- The Scottish Environment Protection Agency (SEPA) was compromised by the Conti group almost a month ago.
- The ransomware gang is now leaking part of the stolen data, which appears to concern non-critical stuff.
- The agency’s most critical systems are operational, but full recovery will take a while.
The Scottish Environment Protection Agency (SEPA) has been hit by ransomware actors, and more specifically, the Conti group. The cyber-attack took place on Christmas Eve, but the organization hasn’t recovered yet.
Moreover, the actors have stolen 1.2 GB of data, as confirmed by SEPA and as seen on Conti’s data leak portal, where the actors published 7% of the data on Thursday. The stolen data mostly concerns information about SEPA’s stuff, letters, contracts, service logs, and forecast details, enforcement notices, so there’s nothing extremely critical in the set of 4,000 files stolen by the hackers.

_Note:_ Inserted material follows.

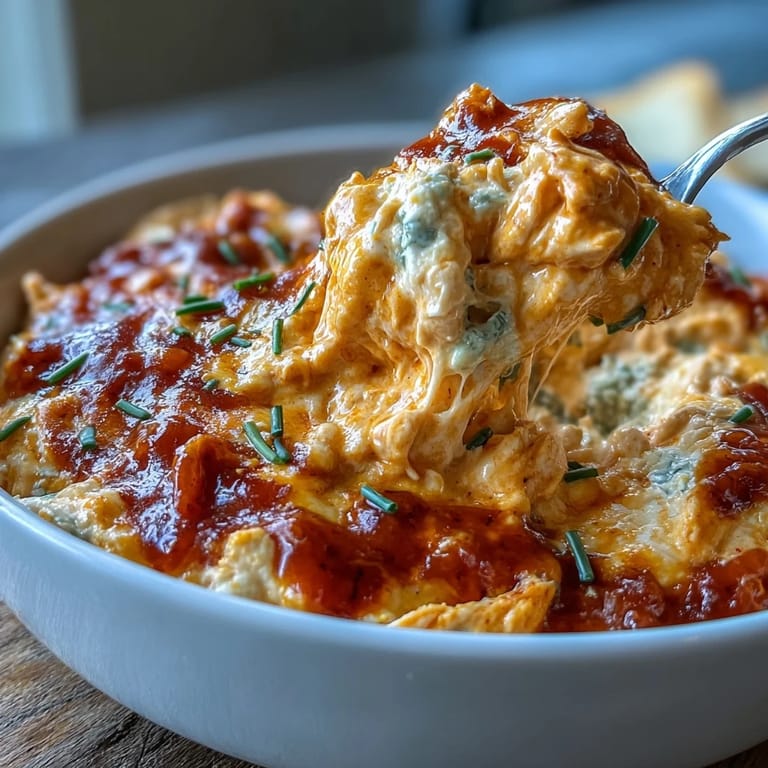 Hearty Crock Pot Buffalo Chicken Dip with shredded chicken and buffalo sauce, ready to scoop with carrot sticks and crackers.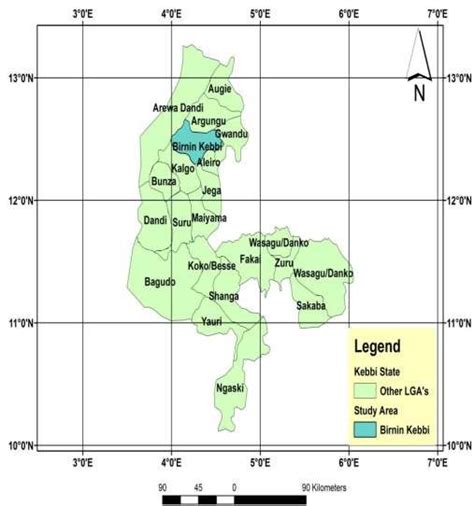 Map of Kebbi State showing BirninKebbi | Download Scientific Diagram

SEPA’s employees are having big operational problems as a result, though, and have lost access to basic systems like their email platform. Thankfully, critical and important services such as the flood-warning system remain unaffected, so people in Scotland will still get warnings if needed.
Pollution reporting, which is another aspect of SEPA’s mission, is partially operational, though, as this relied upon online submissions of incidents and is now taken over to phone lines. All in all, the non-departmental public body has a lot of work to do until its systems are fully recovered, as Chief Executive Terry A’Hearn also confirmed.
SEPA will adjust to the new conditions and will continue to fulfill its environmental-protection role. In the meantime, investigations from contracted cyber-security experts, the Police Scotland, and the National Cyber Security Centre will attempt to evaluate the stolen data and the legal implications of the data leak.
From a regulatory and operational perspective, the situation is somewhat complex, but we do not expect to see Conti receiving any money this time. It took SEPA a while to admit this attack, but now that it’s public, they won’t be able to negotiate ransom payments.
Regulated SEPA businesses and supply chain partners will soon have access to a dedicated data loss support website. However, there’s still a question mark above who were affected by the incident. SEPA stated that it would be inappropriate to provide more specific detail of the investigations and their findings thus far, but they did promise to publish updates in the next couple of weeks.